Aim of the exercise: Nothing but the lines from the one with "Mountain Groove у" through the end of the listing should be reproduced, each exactly and with pictures omitted.

Material provided:

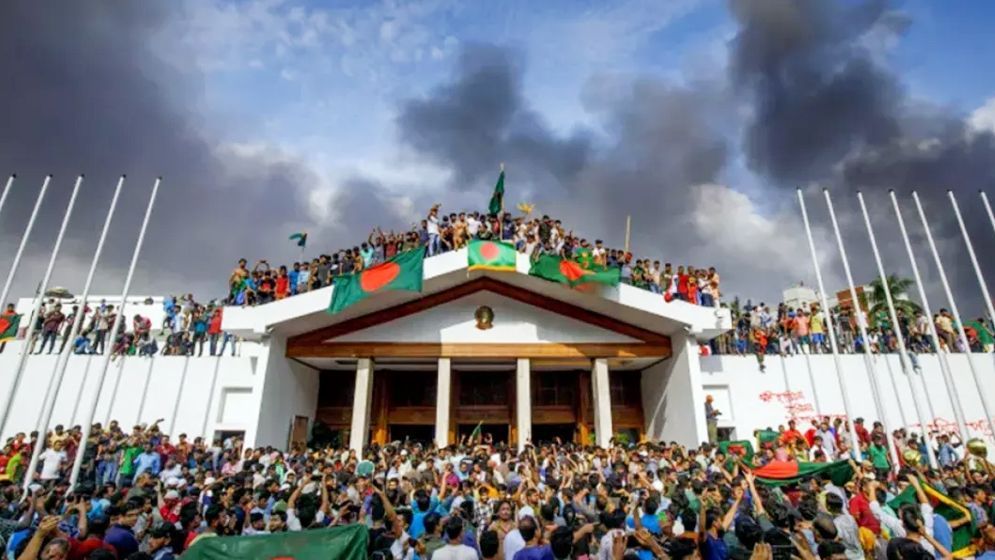 বিক্ষোভে উত্তাল দেশ, ছড়িয়ে পড়ে সংঘর্ষ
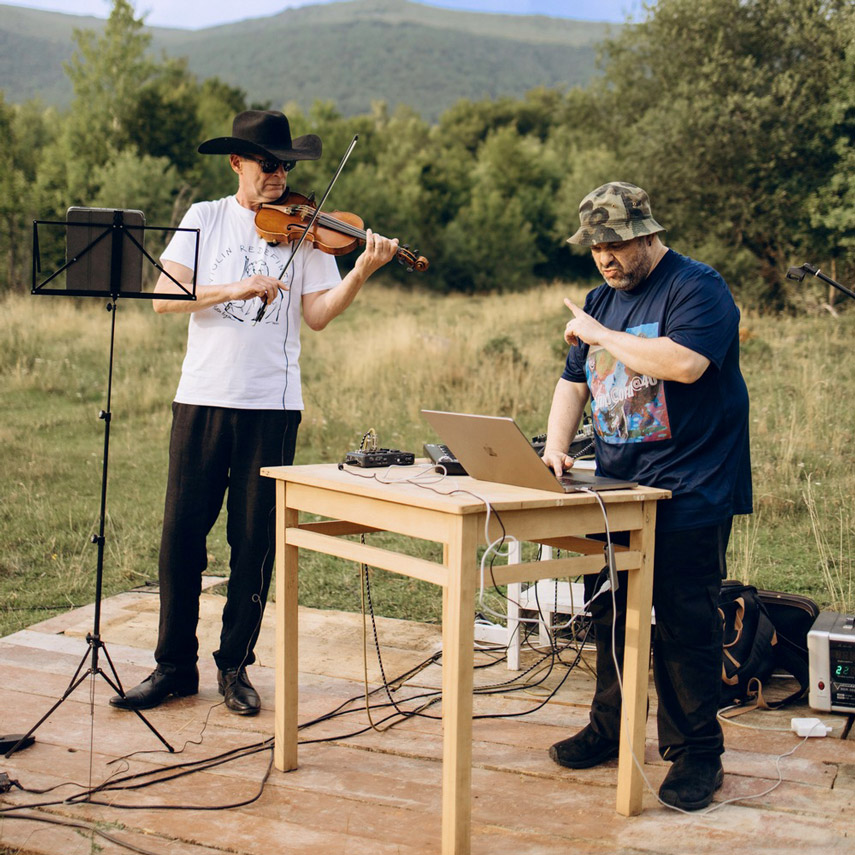 Mountain Groove у Карпатах: концерт та мода в селі Буковець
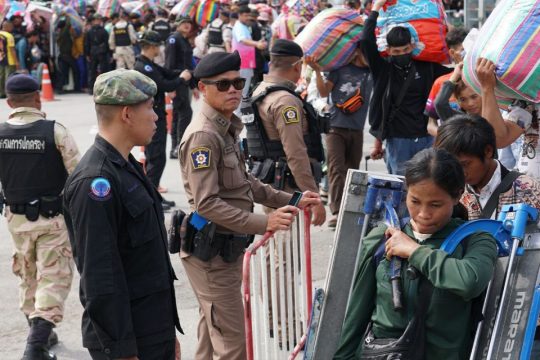 Thai-Cambodian border clashes resume, leaving at least 10 dead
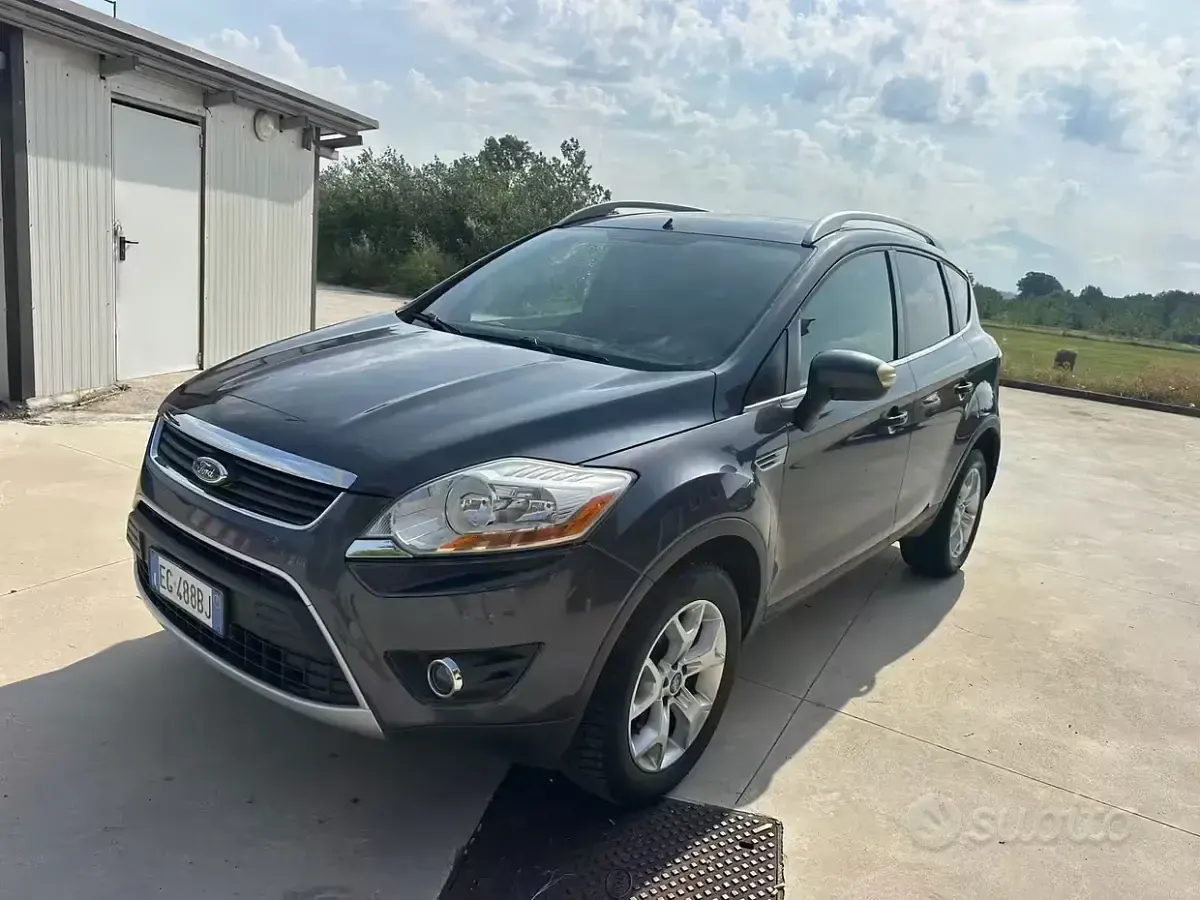 Usata Ford Kuga 140 CV (102 kW) 2012 Bluazzurro SUV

Expected output:
 Mountain Groove у Карпатах: концерт та мода в селі Буковець
 Thai-Cambodian border clashes resume, leaving at least 10 dead
 Usata Ford Kuga 140 CV (102 kW) 2012 Bluazzurro SUV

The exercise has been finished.